The students are shown a Jamie video in week one (as an introduction to the course) and in week 10. Now it’s down to work. “Remember the housekeeping rules,” says teacher Rebecca Zappala.  “Wash your hands.  Always let people know when you’re carrying something hot…” The classes last for 90 minutes and cost $100 for a complete course, $50 for a half course. “This is such a great family meal,” says Rebecca. “And you can get the kids to help you with it.”
Rebecca Zappal, cooking teacher at Ministry of Food

Rebecca Zappala, cooking teacher at Ministry of Food

She’s already popped a chicken in the oven prior to the class to ensure it’s cooked in time for lunch. The students start by peeling and cutting the vegetables (potatoes, carrots and parsnips). “Find the flat edge of the vegetable when cutting,” she instructs. “And try to cut each vegetable a similar size so that they cook evenly.
Roast vegetable prep, Ministry of Food, Ipswich

Roast vegetable prep, Ministry of Food, Ipswich

“We’re getting back to the basics here, but we can always learn something new.” There are four students in this class: Susan Olsen, Doreen Andrews and Ethel Peacock (who are friends), and Ken Sbeghen. Anyone over 12 years of age is welcome, though 12 – 16 year olds must be accompanied by a parent or guardian. Rebecca shows them how to prepare the chicken by placing it on a trivet in the baking tray (which helps the air to circulate).
Preparation of chicken, Ministry of Food

Preparation of chicken, Ministry of Food

She then rolls a lemon and pops it inside, inserts some fresh sprigs of rosemary, drizzles it with olive oil and seasons it with salt and pepper (in Jamie’s recipe, he parboils the lemon with the potatoes, then stabs it a few times with a skewer before inserting it into the chicken). The vegies are placed on separate trays, each lined with baking paper. They’ve been par-boiled and the potatoes are “chuffed” (or shaken) in the colander to give them a rough edge (which will crisp better), then popped in the oven.When the first chook is cooked, she removes it from the oven and allows it to rest. “It’s really important to allow the muscles to relax sot that the juices to come back into the flesh,” she says. While it rests, she demonstrates how to make the gravy with home-made chicken stock and a splash of wine, and the students help clean up.
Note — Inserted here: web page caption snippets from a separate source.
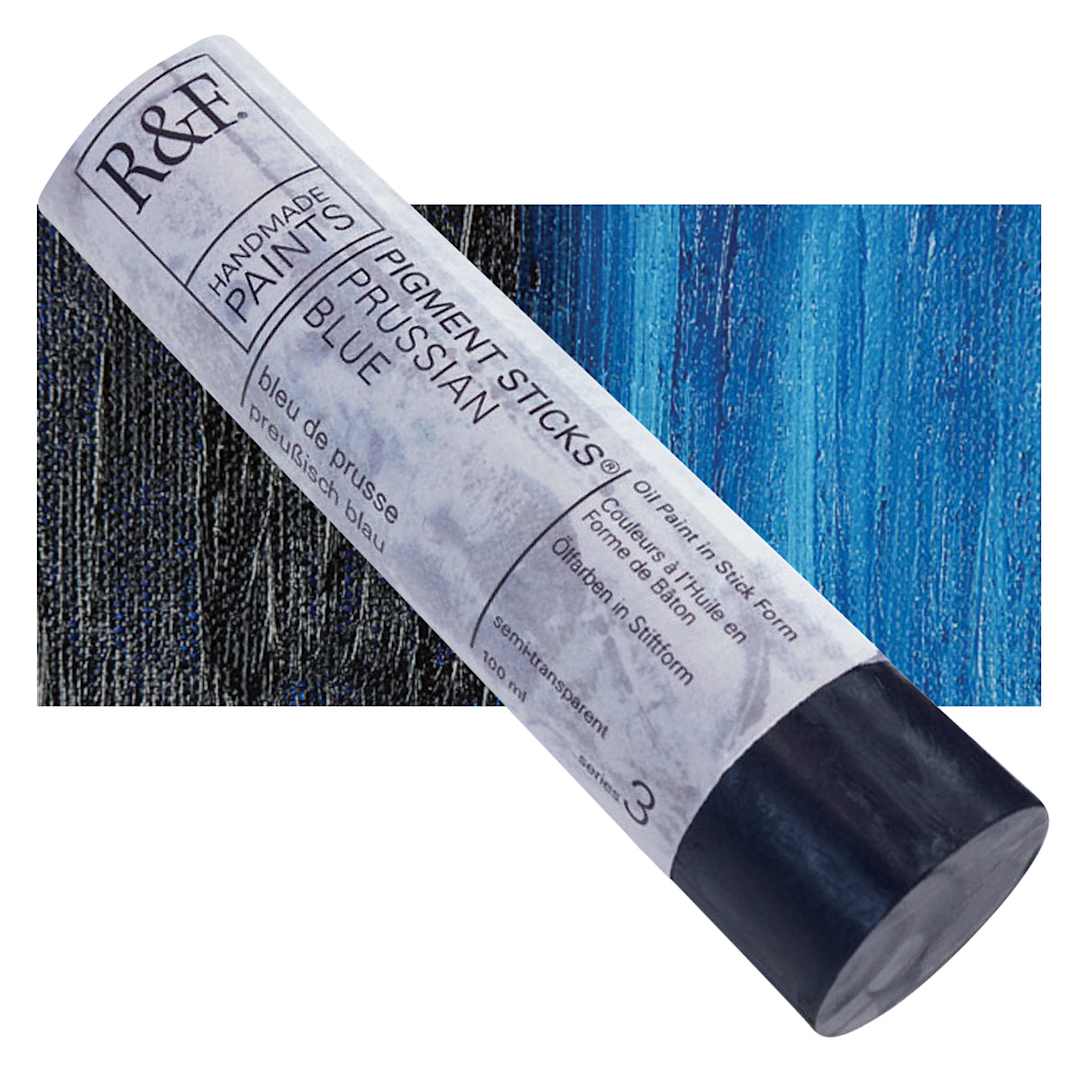 Open in modal - R&F Pigment Stick - Prussian Blue, 100 ml stick and swatch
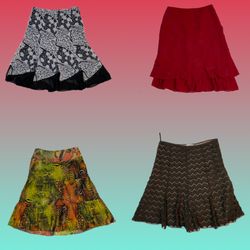 Y2K Floral Maxi Skirts (TS-1685)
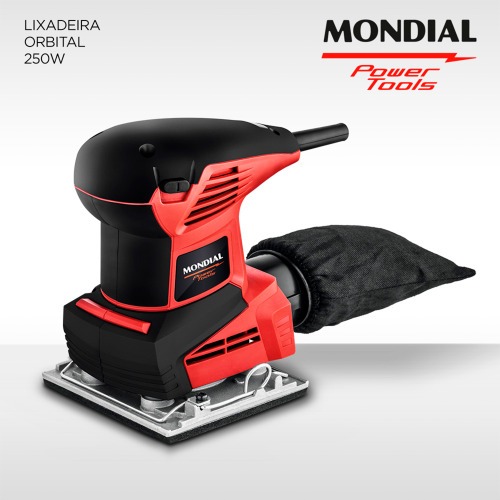 Lixadeira orbital 250W 110 x 103 mm com coletor de p� - FLO-2  220V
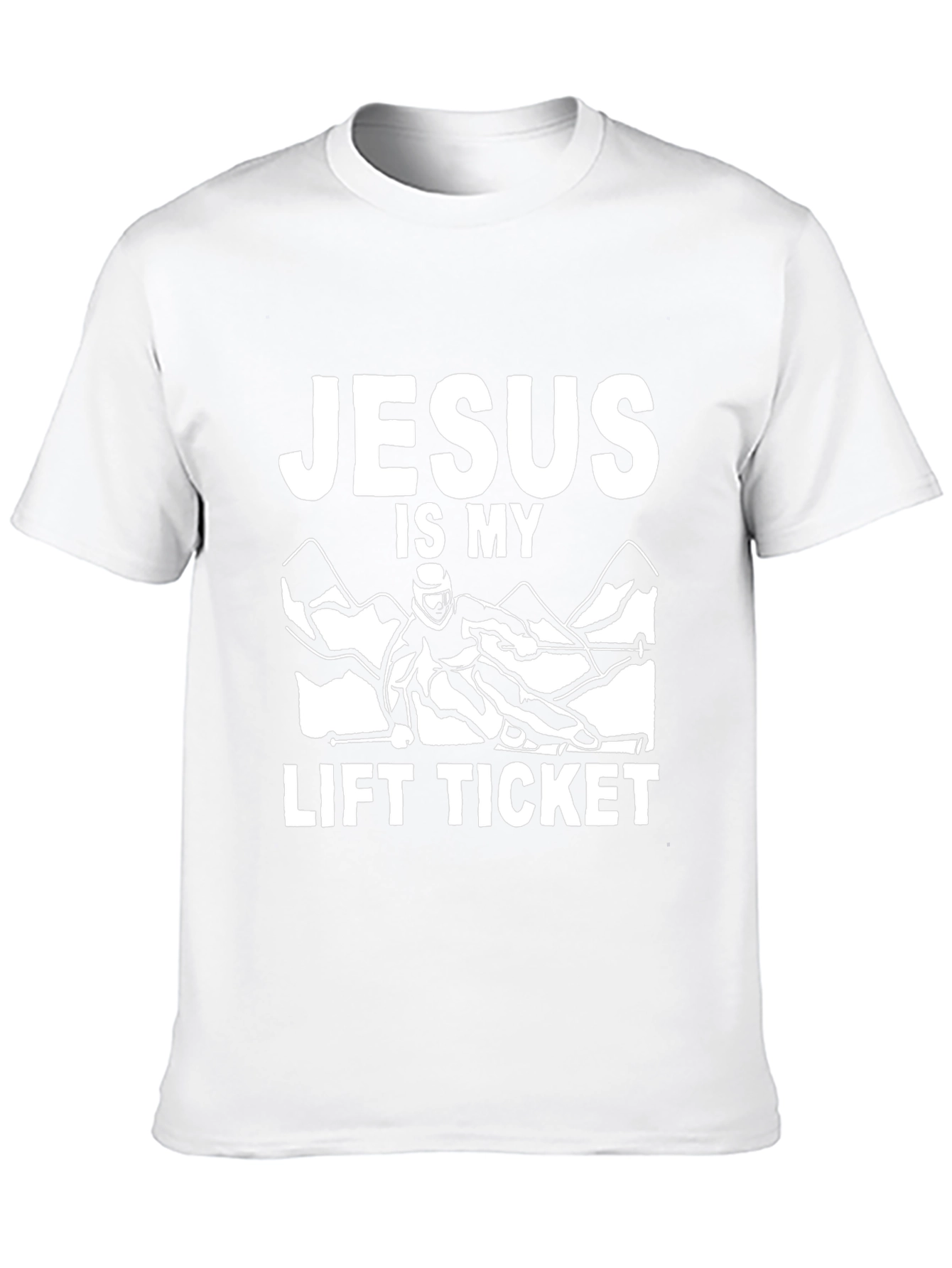 Jesus is My Lift Ticket Black T-Shirt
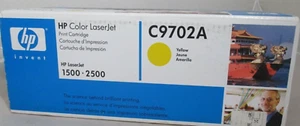 HP C9702A Yellow  Genuine Color Toner Cartridge NEW for LaserJet 1500 2500 - Picture 1 of 1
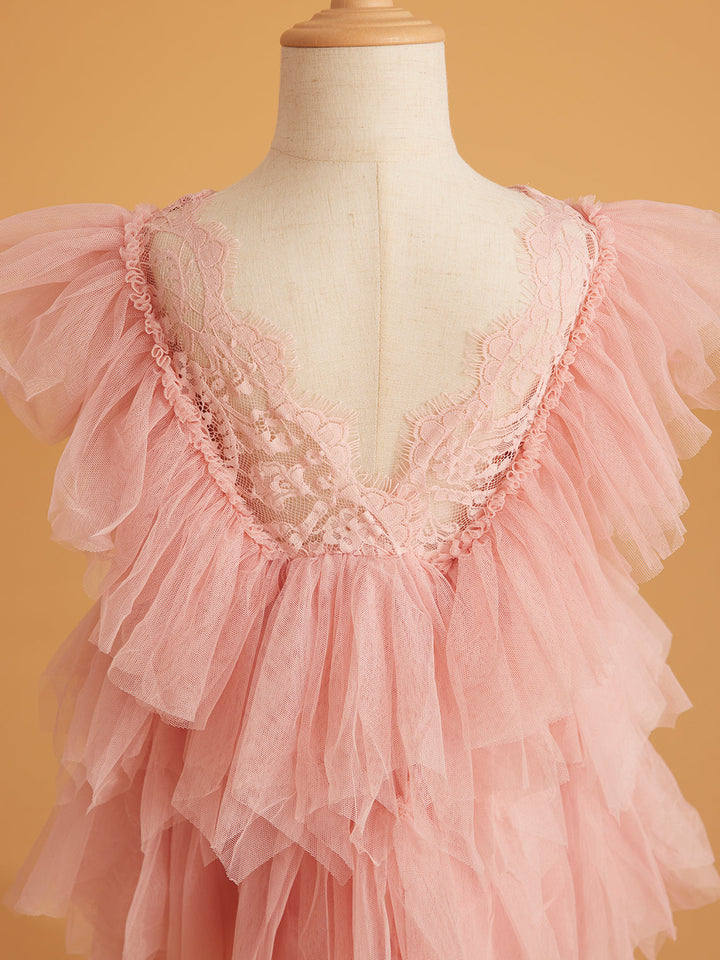 Lace Tulle Short/Mini Dress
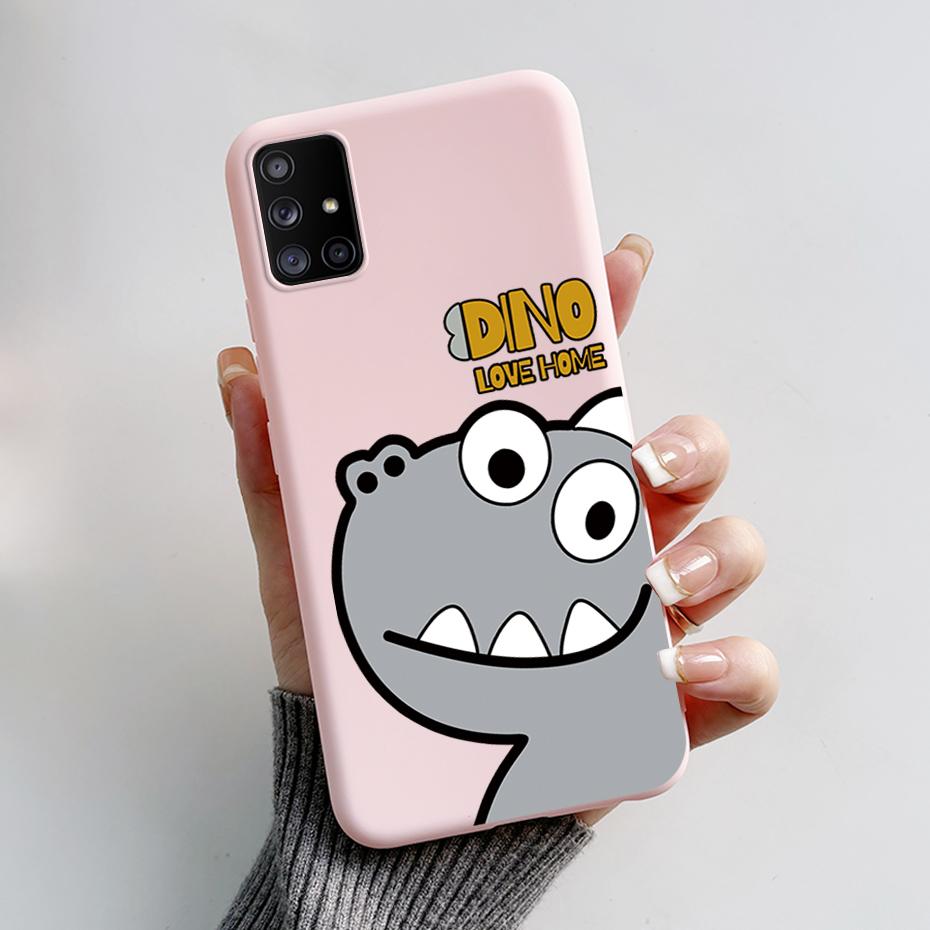 For Samsung Galaxy A51 A71 5G Case SM-A516F SM-A716F Soft Slim Cute Cartoon Frog Back Cover Fundas Bumper For Samsung A 51 Coque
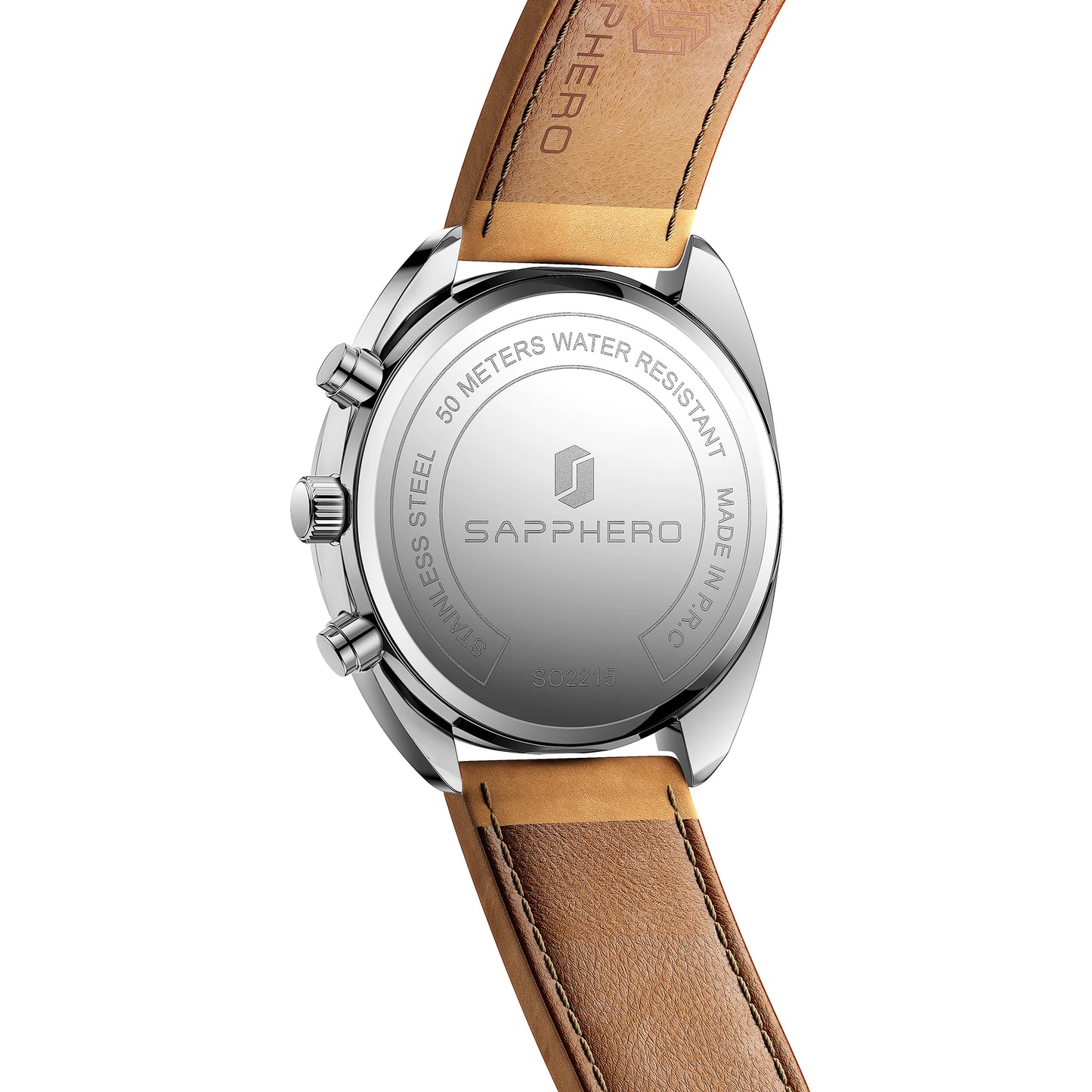 SAPPHERO Men's Quartz Watch Accurate 5ATM Waterproof Men's Watch Business Style Athleisure Watch Simple and Simple Design Clock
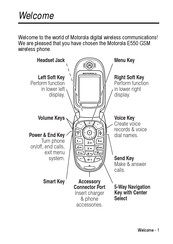 Motorola E550 Manual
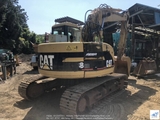 Máy khai thác gỗ CAT 313B CR đầu căt Iwa Fuji GPi-40T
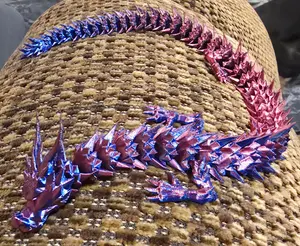 3D модель Унікальний шарнірний дракон з 3D-друку — 3D друк Львів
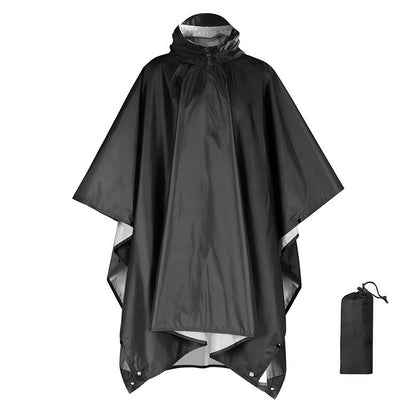 Waterproof Hooded Rain Coat/Poncho: Lightweight, for Outdoor Hiking/Fishing/Climbing (Unisex) - Moze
The chook is then checked for doneness and cut into serving pieces. The vegies are removed from the oven and the students sit down to eat.
Roast chicken, Ministry of Food

Roast chicken, Ministry of Food

“I’ve broadened my repertoire since coming here,” says Ken.  “I usually do pastas and stir-frys at home.  It’s been fun.” One of Doreen’s favourite dishes was the Thai Green Curry. We also really liked the risotto, and the pear and ginger crumble was wonderful.” Doreen admits she’s really sad it’s finishing. It’s a great way to meet new people,” she says. “Ethel and I don’t know what we’re going to do now on a Wednesday.”